Decision impact statement
Lewski v Commissioner of Taxation
 FCAFC 145
2017 ATC 20-630
Venue: Federal Court of Australia
Venue Reference No: VID 1496 of 2016
Judge Name: Perram, Pagone and Moshinsky JJ
Judgment date: 18 September 2017
Appeals on foot: No
Decision Outcome: Unfavourable
Impacted AdviceRelevant Rulings/Determinations:
|The ATO is reviewing the impact of this decision on related advice and guidance products.|
Outlines the ATO's response to this case which concerned, among other things, the calculation and assessment of trust net income.
Brief summary of facts
The Commissioner determined that certain tax losses were not available in working out the net income of the ACE No 4 Trust (the ACE Trust) and the Arjod Trading Trust (the Arjod Trust) for the income years ended 30 June 2006 and 30 June 2007, respectively. The tax losses of the ACE Trust arose from deductions that the trustees claimed were incurred under contracts entered into on 30 June 1999. The Commissioner considered that the amounts had not been so incurred.
The taxpayer was a beneficiary of both trusts at all relevant times.
On 14 May 2013, the Commissioner issued amended assessments to the taxpayer for the income years ended 30 June 2006 and 30 June 2007 on the basis that she was presently entitled to a share of the income of the ACE Trust (2006) and the Arjod Trust (2007) and thus was assessable on that share of net income (as adjusted) under subsection 97(1) of the Income Tax Assessment Act 1936 (ITAA 1936).
The trustee resolutions appointing the income of each trust were similarly worded and consisted of two parts.
- Firstly, under a 'distribution of income' resolution each trustee resolved to pay, apply and set aside the 'income' of the trust. In the 2006 year, the taxpayer was made entitled to 100% of the income of the ACE Trust. In the 2007 year, to the extent that the Arjod Trust had income in excess of $3.5m, she was made entitled to that excess. The trust income was, in each case, determined to include all amounts (including capital gains) taken into account in calculating the net income of the trust.
- Secondly, each trustee also resolved that should the Commissioner disallow a deduction or include an amount as assessable income of the trust, there would be a deemed distribution of such amounts to a corporate beneficiary (the 'variation of income' resolution).
On the 5 July 2013, the taxpayer objected to the amended assessments and those objections were determined on 9 July 2015. The taxpayer purported to disclaim her entitlements in the ACE and Arjod Trusts on 15 December 2015, some three months after she had initiated proceedings in the AAT.
The Commissioner was successful before the Tribunal (TVKS and Commissioner of Taxation  AATA 1010 (Forgie DP)). The taxpayer appealed to the Federal Court. The appeal was heard by the Full Court.
Issues decided by the court
The issues before the Court included:
- whether amounts payable under certain contracts were incurred on 30 June 1999 by the trustee of the ACE Trust (Incurred Issue), and
- whether the trustee resolutions created in the taxpayer a present entitlement to income of the trusts as at 30 June (Trust Resolution Issue).

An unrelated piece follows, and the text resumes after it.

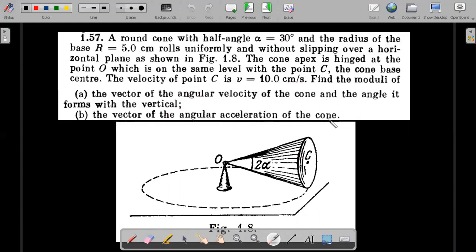If you want to give it a try, pause the video and make some time for this particular problem — it definitely deserves your attention. In case you have already tried, let's go ahead with the concepts required for this problem.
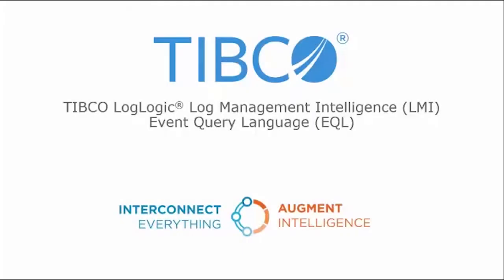Hi, welcome to this video about how to write queries using the Event Query Language in TIBCO LogLogic Log Management Intelligence.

Depending on the view taken in respect of the previous issues and whether leave was granted to the taxpayer to raise new grounds, the following issues also arose:
- whether the taxpayer had effectively disclaimed her entitlements under the trusts by executing the deeds of disclaimer (Disclaimer Issue), and
- whether a resolution made by the trustee of the ACE Trust with respect to the 2006 year to distribute 'income' rather than the 'net income' (defined in the deed to mean the tax net income) was authorised by the trust deed or was made ultra vires (Ultra Vires Issue).
The Tribunal had refused the taxpayer leave under section 14ZZK of the Taxation Administration Act 1953 (TAA) to argue the disclaimer and ultra vires issues.
The Court found that the relevant amounts were incurred for the purposes of subsection 8-1(1) of the Income Tax Assessment Act 1997 (ITAA 1997) upon the execution of the contracts on 30 June 1999 rather than on 31 October 1999 (the 'Settlement Date' / 'Completion Date'). Accordingly, those amounts properly contributed to tax losses that were carried forward from the 1999 year and were available to reduce the net income of the ACE Trust in 2006.
Trust Resolution Issue
The Court first considered whether the 'variation of income' resolutions were authorised by the trust deeds. The Court 'incline[d] to the view' that it was open to the trustees of each trust to distribute all or part of the net income of the trusts on alternative bases.
The Court rejected the Commissioner's position that the distribution and variation of income resolutions should be read as separate and sequential as a matter of construction such that the variation of income resolution had no work to do because all of the income had been dealt with by the distribution resolution.
In the Court's view the resolutions were interdependent with the result that the taxpayer's trust law entitlement to income under the distribution resolution was contingent, since it depended on the occurrence of an event that may or may not take place (namely the disallowance of a deduction or the inclusion of additional assessable income). If the Commissioner included an additional amount in the trust's assessable income, that amount (as trust income) went to another entity, not the taxpayer. Consequently, although the resolutions created an income entitlement in the taxpayer for trust purposes, the taxpayer did not have a vested and indefeasible interest in any income of the trusts as at 30 June and therefore was not presently entitled to any trust income for the purposes of subsection 97(1) of the ITAA 1936.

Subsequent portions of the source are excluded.